§ **What this task involves**
An exact copy of every entry is required, minus the pictures.

##### Information #####

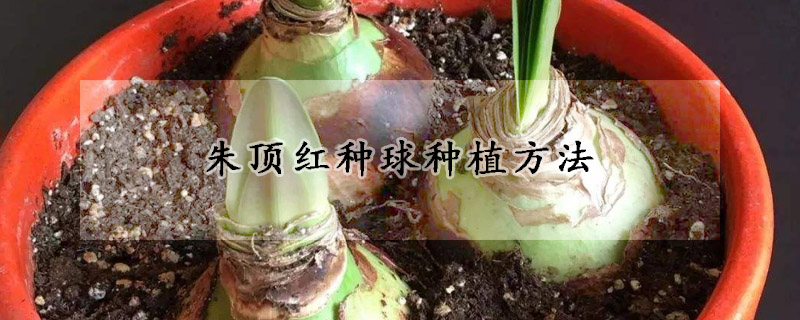 朱顶红种球种植方法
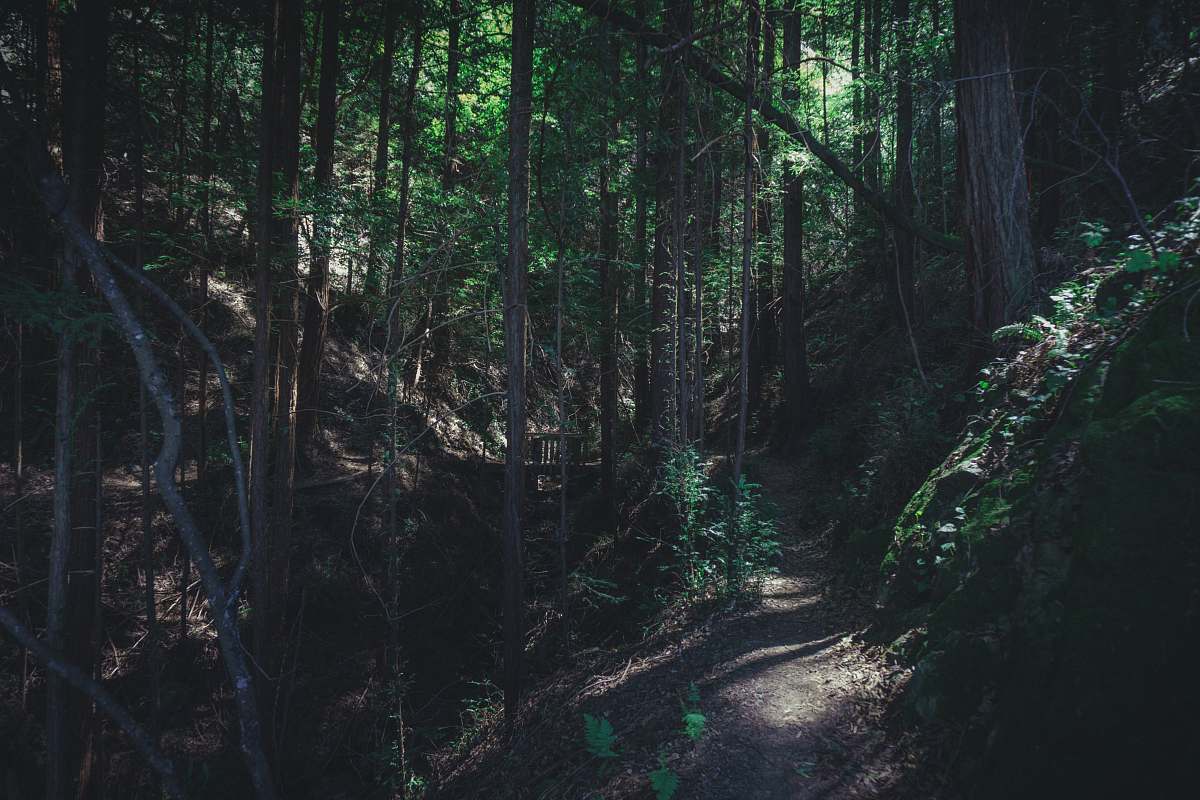 forest photo of forest walk path marron valley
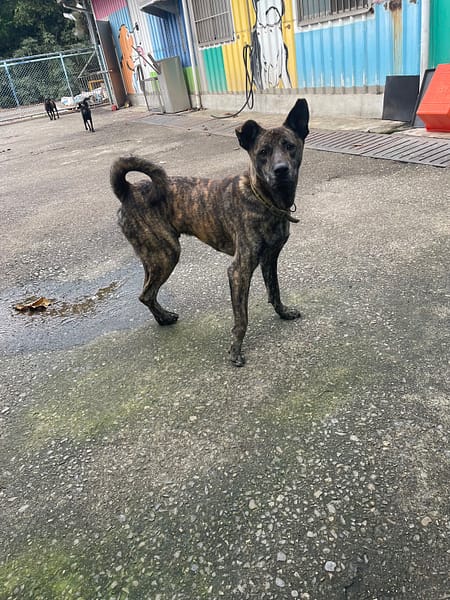 【待認養】混種犬 狗 (男生) - 屏東縣公立犬貓中途之家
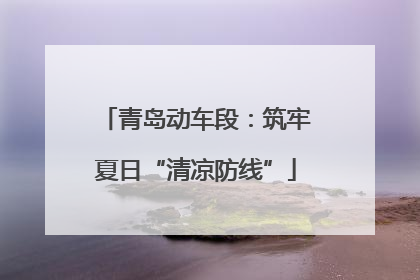 青岛动车段：筑牢夏日“清凉防线”
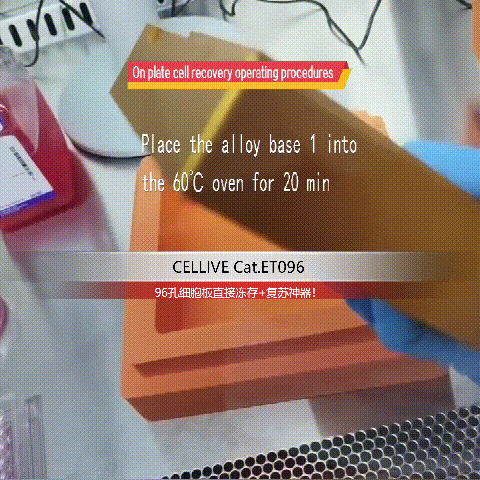 260813CELLIVE (2).gif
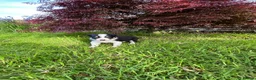 Border Collie dogs for sale: Adorable Border Collie puppies  - Advert 6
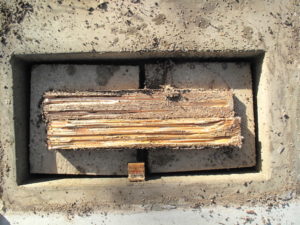 Termite damage in untreated control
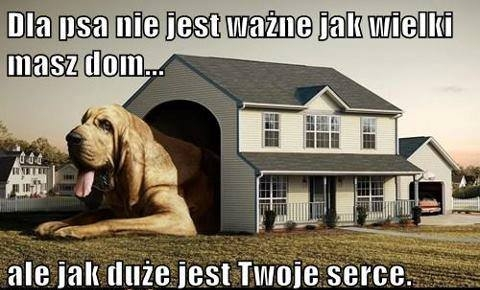 Konkurs na najaktywniejszego fana mojego bloga!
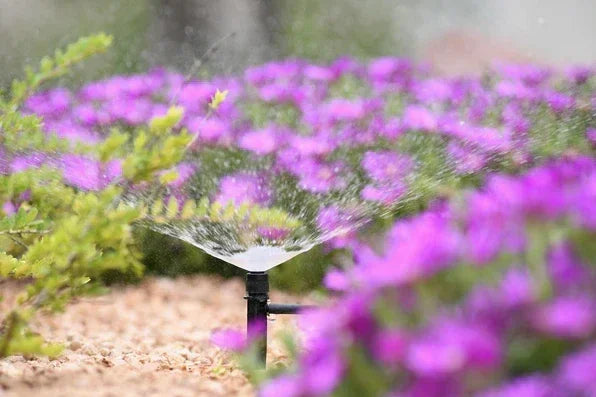 Sprinkler watering purple flowers in a garden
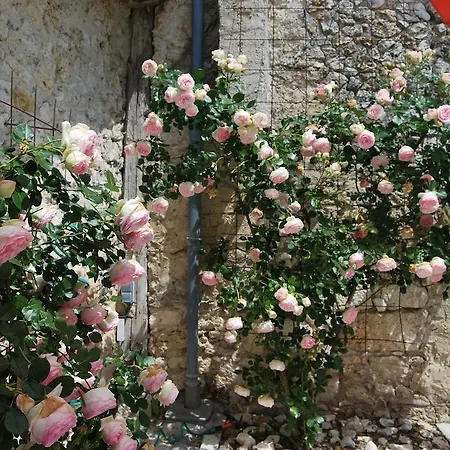 La Romantique Maison d'hôtes Monbazillac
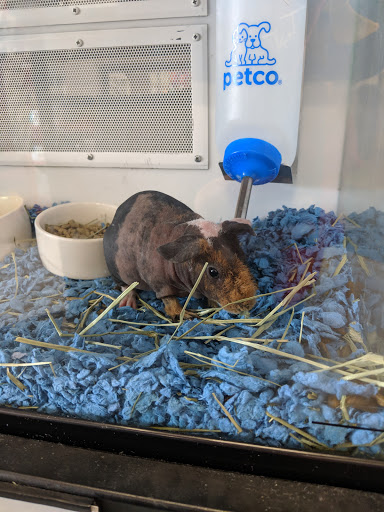 Pet Supply Store «Petco Animal Supplies», reviews and photos, 430 N Euclid St, Anaheim, CA 92801, USA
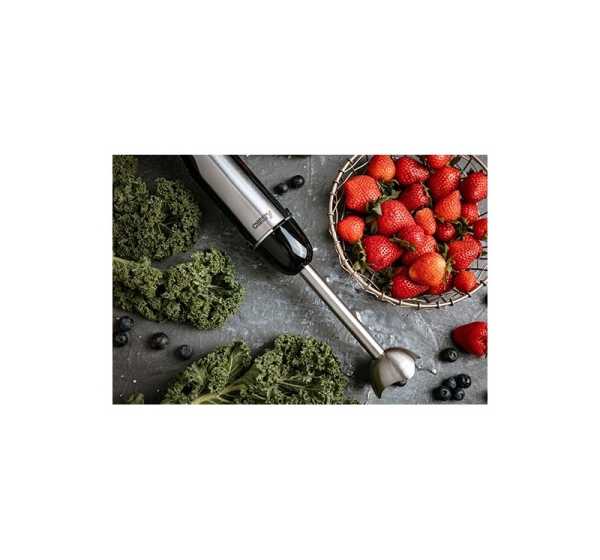 Camry CR 4615 blender Immersion blender Black,Stainless steel 700 W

#####

§ **Final answer**
 朱顶红种球种植方法
 forest photo of forest walk path marron valley
 【待認養】混種犬 狗 (男生) - 屏東縣公立犬貓中途之家
 青岛动车段：筑牢夏日“清凉防线”
 260813CELLIVE (2).gif
 Border Collie dogs for sale: Adorable Border Collie puppies  - Advert 6
 Termite damage in untreated control
 Konkurs na najaktywniejszego fana mojego bloga!
 Sprinkler watering purple flowers in a garden
 La Romantique Maison d'hôtes Monbazillac
 Pet Supply Store «Petco Animal Supplies», reviews and photos, 430 N Euclid St, Anaheim, CA 92801, USA
 Camry CR 4615 blender Immersion blender Black,Stainless steel 700 W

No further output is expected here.